France : Clearview doit payer une nouvelle amende de plusieurs millions

Clearview-Schriftzug auf Smartphone
La Grèce, la Grande-Bretagne et l’Italie ont également prononcé des amendes pour violation de la vie privée contre Clearview. (Source : IMAGO / Zoonar)

La Commission Nationale de l’Informatique et des Libertés (CNIL) française a prononcé une nouvelle amende de 5,2 millions d’euros contre Clearview AI. L’entreprise américaine collecte des photos de personnes sur Internet et les utilise pour sa base de données de reconnaissance faciale biométrique. Selon l’institution, Clearview a ainsi enfreint le règlement fondamental européen sur la protection des données (RGPD), raison pour laquelle elle avait déjà infligé une amende de plusieurs millions à l’entreprise en octobre dernier. L’autorité autrichienne de protection des données vient également de terminer l’examen d’une plainte à l’encontre de l’entreprise.

Comme l’a communiqué la CNIL mercredi, Clearview AI ne s’est pas encore conformée à l’injonction des autorités françaises datant d’octobre 2022. Une nouvelle amende a donc été prononcée.

En octobre, la CNIL avait ordonné à la société de cesser « la collecte et l’usage des données de personnes se trouvant sur le territoire français » et de supprimer les données déjà collectées. L’autorité avait donné deux mois à Clearview pour se mettre en conformité. Si Clearview ne s’y conformait pas, elle avait en outre été menacée d’une nouvelle amende de 100.000 euros par jour.

L’amende la plus haute possible

L’autorité de protection des données avait déjà prononcé l’année derniére une amende de 20 millions d’euros contre Clearview AI ; d’après l’autorité, la peine maximale qu’il est possible d’infliger.
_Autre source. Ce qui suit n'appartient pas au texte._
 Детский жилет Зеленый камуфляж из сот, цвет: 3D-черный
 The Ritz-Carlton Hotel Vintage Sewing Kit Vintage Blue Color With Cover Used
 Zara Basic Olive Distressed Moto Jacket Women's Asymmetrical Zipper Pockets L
La CNIL avait alors constaté que Clearview traitait des données biométriques sans base légale. Clearview ne recueille pas le consentement des personnes concernées pour le traitement des données et ne dispose pas d’un intérêt légitime. Les données biométriques sont particulièrement sensibles, car elles permettent d’identifier les personnes de manière univoque tout au long de leur vie.
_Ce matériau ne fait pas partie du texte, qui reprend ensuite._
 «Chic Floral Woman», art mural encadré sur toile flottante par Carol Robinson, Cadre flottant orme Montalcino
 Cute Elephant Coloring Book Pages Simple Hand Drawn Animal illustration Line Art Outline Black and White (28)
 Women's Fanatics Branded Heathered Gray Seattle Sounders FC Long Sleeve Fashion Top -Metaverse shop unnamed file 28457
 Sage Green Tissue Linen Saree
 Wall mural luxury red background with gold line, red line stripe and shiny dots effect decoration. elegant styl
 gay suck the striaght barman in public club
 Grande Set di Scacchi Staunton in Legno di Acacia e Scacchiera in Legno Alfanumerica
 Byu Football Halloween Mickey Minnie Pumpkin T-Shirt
Les internautes ne s’attendent pas non plus, d’après la CNIL, à ce que leurs photos publiées soient vendues à des agences gouvernementales et utilisées à des fins d’application de la loi grâce à la reconnaissance faciale.
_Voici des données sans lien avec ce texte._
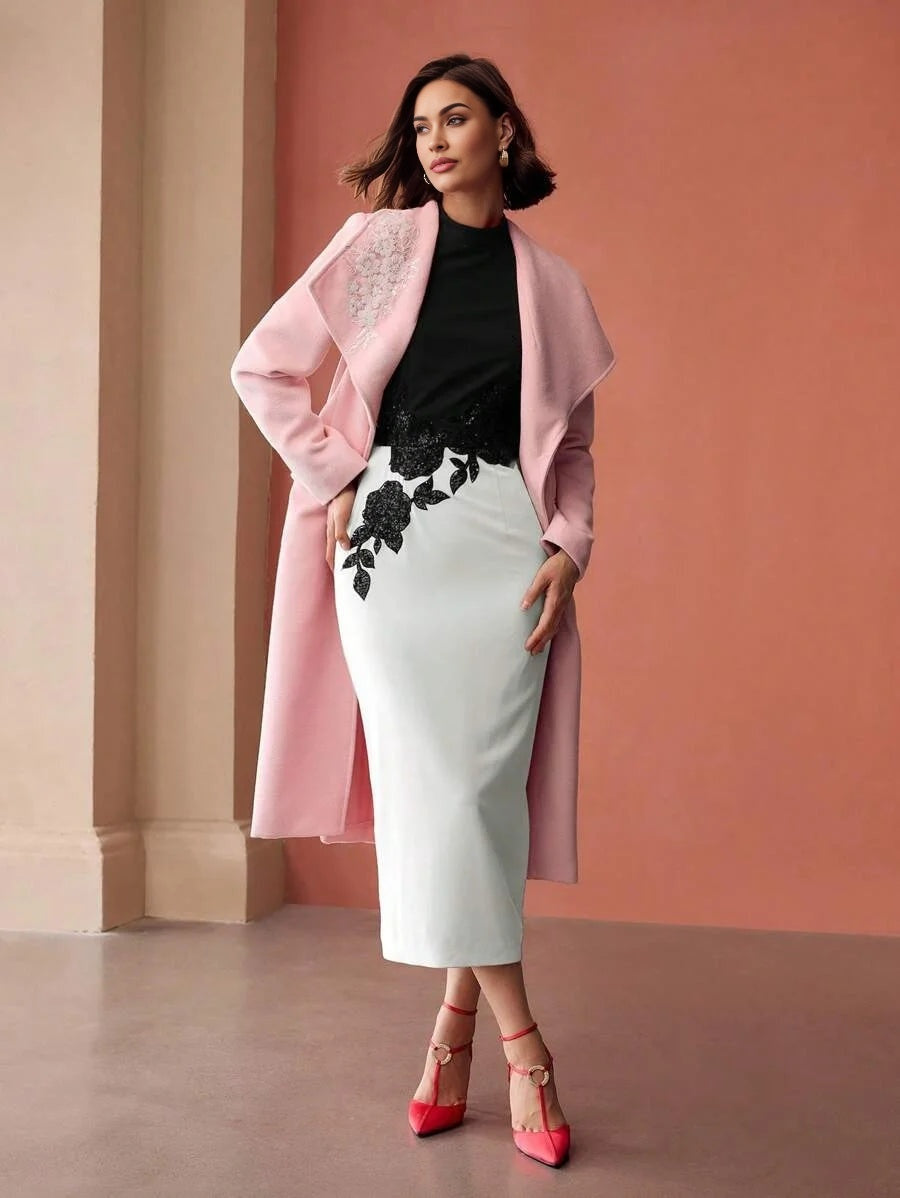 PREMIUM SEQUIN FLORAL EMBROIDERY COLORBLOCK DRESS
Déjà à l’époque, l’autorité française de protection des données avait critiqué le manque de coopération de Clearview. En effet, à l’origine, la CNIL avait déjà interdit à l’entreprise (en allemand) à la fin de l’année 2021 de collecter les données des personnes en France. Or, Clearview n’avait pas répondu à cette demande et avait rempli de manière incomplète un formulaire d’audition. La CNIL estime pourtant que l’entreprise est tenue de coopérer avec elle.

L’enquête de la CNIL a été déclenchée par des plaintes déposées par des particuliers depuis 2020. Un an plus tard, l’organisation britannique de défense des droits civiques Privacy International s’était également adressée à l’autorité. Cette dernière a salué cette nouvelle amende et a déclaré : « Cette sanction envoie un message clair à des entreprises comme Clearview : cessez de jouer avec notre vie privée et nos libertés. »

Pas d’amende en Autriche

En mai 2021, Privacy International avait également déposé des plaintes auprès des autorités de protection des données en Grèce, au Royaume-Uni, en Italie et en Autriche, avec les organisations Homo Digitalis, Hermes Center for Transparency and Digital Human Rights et Noyb. Seule la décision autrichienne n’avait pas encore été rendue.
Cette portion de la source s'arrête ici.